Stored data:
◆ ◆ ◆ ◆ ◆ ◆ ◆

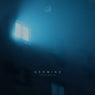 Insomnia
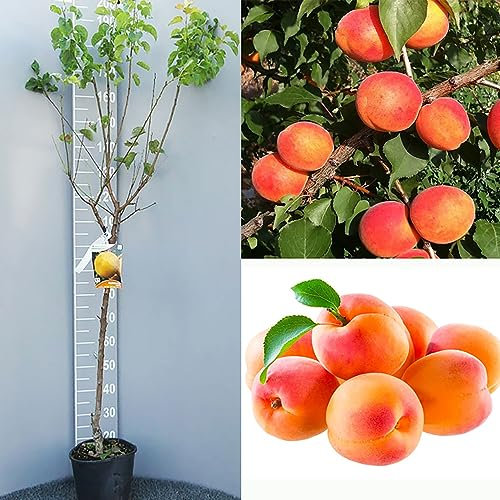 SAVINI VIVAI Pianta di Albicocco Tonda Rossa Piante da Frutto in Vaso 22-24 cm 2-3 Anni Altezza 130-150 cm Made in Italy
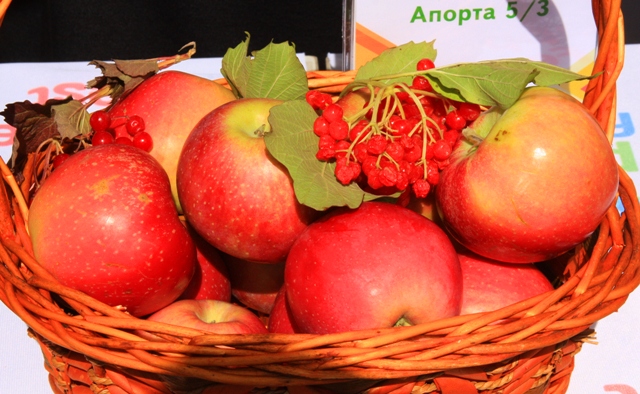 Сорт апорта 5-3. Выставка яблок на день города в Алматы. 2012 год.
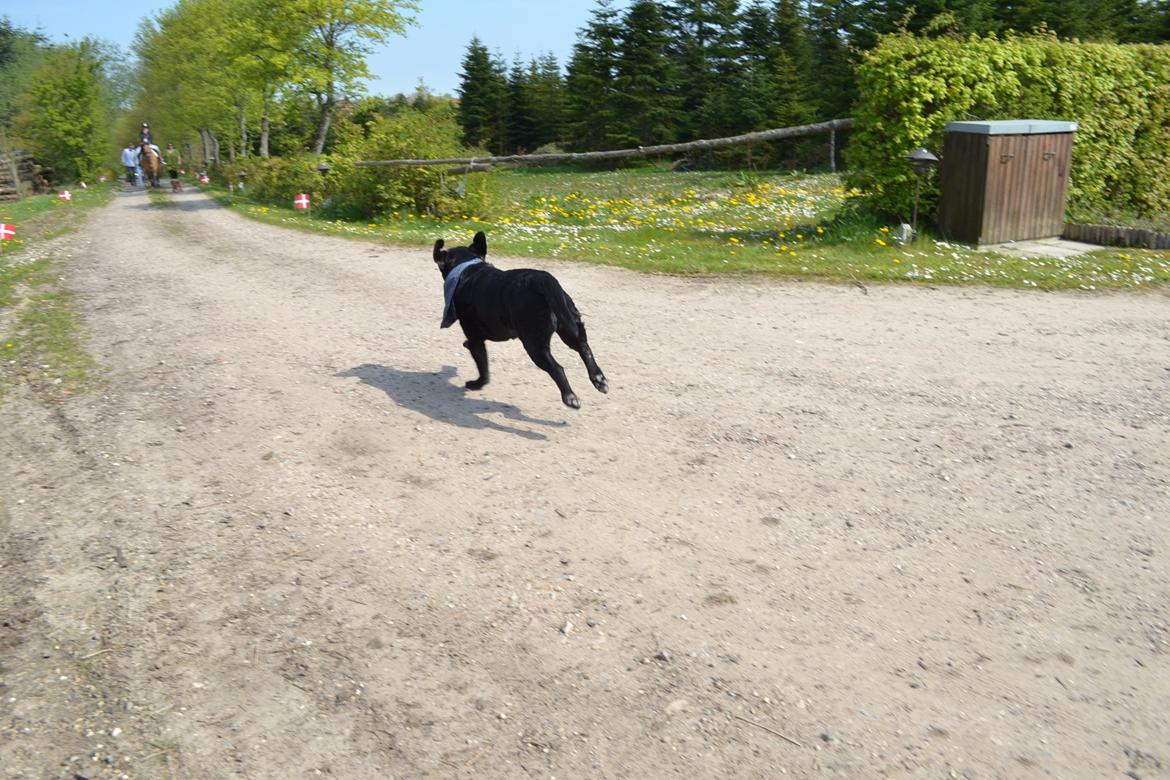 Billeder fra min konfirmation. billede 17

◆ ◆ ◆ ◆ ◆ ◆ ◆

Activity:
Reproduce every line of the data above, exactly as it stands, but not the pictures.

Output below:
 Insomnia
 SAVINI VIVAI Pianta di Albicocco Tonda Rossa Piante da Frutto in Vaso 22-24 cm 2-3 Anni Altezza 130-150 cm Made in Italy
 Сорт апорта 5-3. Выставка яблок на день города в Алматы. 2012 год.
 Billeder fra min konfirmation. billede 17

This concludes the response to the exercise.